While it’s heartbreaking to know that Sundance spent his whole life in captivity forced to perform for tourists, we take some solace in knowing he is no longer suffering.

As a descendant of one of the dolphins who played “Flipper,” Sundance was one of multiple generations of dolphins who have been forced to endure the traumas of captivity, separated from their families, and starved in order to perform circus-style tricks. He deserved a wild life, as do all of the animals who remain under Miami Seaquarium’s abysmal care.

More than 117 dolphins and whales have died at Miami Seaquarium so far, including Sundance, Luna, and Tokitae (Lolita) who all died last year. And even more will continue to die there unless we act to save them.

Miami Seaquarium’s former veterinarian, Dr. Jenna Wallace, who treated Sundance, is now urging federal and Miami-Dade County officials to step in and remove the animals from MSQ’s care, stating:

“The USDA has federal oversight over these animals. They should confiscate these animals immediately and the county and city of Miami should be working with USDA to make that happen before the park loses more and more animals.”

In fact, the United States Department of Agriculture (USDA) issued a scathing report following an inspection of the venue in July—just one month before Tokitate (Lolita) died due to “multiple chronic illnesses.” The report, published in November 2023, cited Miami Seaquarium for inadequate veterinary care and violations of animal handling, facilities, employees and/or attendants, and critical separation.

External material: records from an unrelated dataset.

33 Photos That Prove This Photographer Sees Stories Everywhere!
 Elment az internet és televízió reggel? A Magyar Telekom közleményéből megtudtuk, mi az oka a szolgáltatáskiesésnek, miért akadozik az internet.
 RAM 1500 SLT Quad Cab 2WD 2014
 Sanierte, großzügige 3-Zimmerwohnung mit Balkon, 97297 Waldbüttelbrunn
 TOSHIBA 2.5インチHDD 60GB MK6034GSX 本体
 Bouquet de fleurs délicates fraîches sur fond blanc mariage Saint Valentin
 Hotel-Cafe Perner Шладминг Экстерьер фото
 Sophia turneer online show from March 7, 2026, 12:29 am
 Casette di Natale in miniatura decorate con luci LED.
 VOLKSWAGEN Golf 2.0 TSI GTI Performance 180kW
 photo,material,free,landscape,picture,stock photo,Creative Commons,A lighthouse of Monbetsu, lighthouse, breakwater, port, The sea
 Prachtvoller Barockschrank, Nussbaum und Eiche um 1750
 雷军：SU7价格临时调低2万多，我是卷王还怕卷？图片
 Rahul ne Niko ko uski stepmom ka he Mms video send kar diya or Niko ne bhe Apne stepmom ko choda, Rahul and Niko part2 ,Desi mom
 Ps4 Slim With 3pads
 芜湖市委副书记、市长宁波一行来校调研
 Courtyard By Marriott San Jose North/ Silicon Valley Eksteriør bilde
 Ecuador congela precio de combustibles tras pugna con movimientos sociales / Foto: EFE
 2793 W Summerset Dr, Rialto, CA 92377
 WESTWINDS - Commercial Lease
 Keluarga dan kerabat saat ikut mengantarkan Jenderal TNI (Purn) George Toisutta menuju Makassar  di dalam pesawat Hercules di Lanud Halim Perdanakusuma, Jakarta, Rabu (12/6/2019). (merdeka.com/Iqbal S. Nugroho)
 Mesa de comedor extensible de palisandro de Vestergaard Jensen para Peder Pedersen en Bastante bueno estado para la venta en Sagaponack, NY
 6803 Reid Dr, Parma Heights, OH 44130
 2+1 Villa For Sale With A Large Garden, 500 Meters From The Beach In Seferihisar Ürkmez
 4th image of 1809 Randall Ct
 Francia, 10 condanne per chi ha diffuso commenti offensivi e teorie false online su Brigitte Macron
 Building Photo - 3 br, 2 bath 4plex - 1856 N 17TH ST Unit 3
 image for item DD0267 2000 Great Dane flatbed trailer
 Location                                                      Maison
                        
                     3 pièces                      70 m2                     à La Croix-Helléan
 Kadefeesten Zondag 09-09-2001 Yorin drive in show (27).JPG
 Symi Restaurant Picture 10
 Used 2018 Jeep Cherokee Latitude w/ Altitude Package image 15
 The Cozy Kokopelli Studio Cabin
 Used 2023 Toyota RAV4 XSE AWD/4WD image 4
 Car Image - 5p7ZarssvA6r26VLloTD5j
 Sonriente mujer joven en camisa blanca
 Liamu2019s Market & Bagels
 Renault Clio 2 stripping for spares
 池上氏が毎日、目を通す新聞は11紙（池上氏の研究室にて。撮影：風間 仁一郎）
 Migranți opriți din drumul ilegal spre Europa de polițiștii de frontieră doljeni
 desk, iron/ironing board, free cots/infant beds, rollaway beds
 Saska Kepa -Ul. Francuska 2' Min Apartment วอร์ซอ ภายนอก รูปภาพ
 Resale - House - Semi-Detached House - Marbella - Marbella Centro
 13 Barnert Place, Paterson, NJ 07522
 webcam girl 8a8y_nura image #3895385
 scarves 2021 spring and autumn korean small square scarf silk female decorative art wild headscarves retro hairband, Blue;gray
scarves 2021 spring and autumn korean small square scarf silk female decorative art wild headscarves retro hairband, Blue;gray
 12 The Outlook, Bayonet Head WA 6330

Elelo, a pacific white-sided dolphin, was specifically noted in the report as having undergone treatment for foreign body ingestion, and seven months after that treatment and recommendation by the attending veterinarian to transfer him to another facility, the venue still had not done so, keeping Elelo at “repeated risk of foreign body ingestion.”

Bimini, a 23-year-old-dolphin, had multiple rib fractures in various stages of healing documented during a CT scan in February. The USDA determined these injuries were likely caused by “conspecific aggression” from other animals in her tank

Aggression is not uncommon for marine mammals in captivity. It’s been reported that Catalina, a Pacific white-sided dolphin who shared a tank with Tokitae (Lolita) died in 2021 after sustaining injuries from trauma aggression. Our report, Behind the Smile, found that multiple Pacific white-sided dolphins who shared Tokitae’s tank also attacked her, chasing and raking her with their teeth.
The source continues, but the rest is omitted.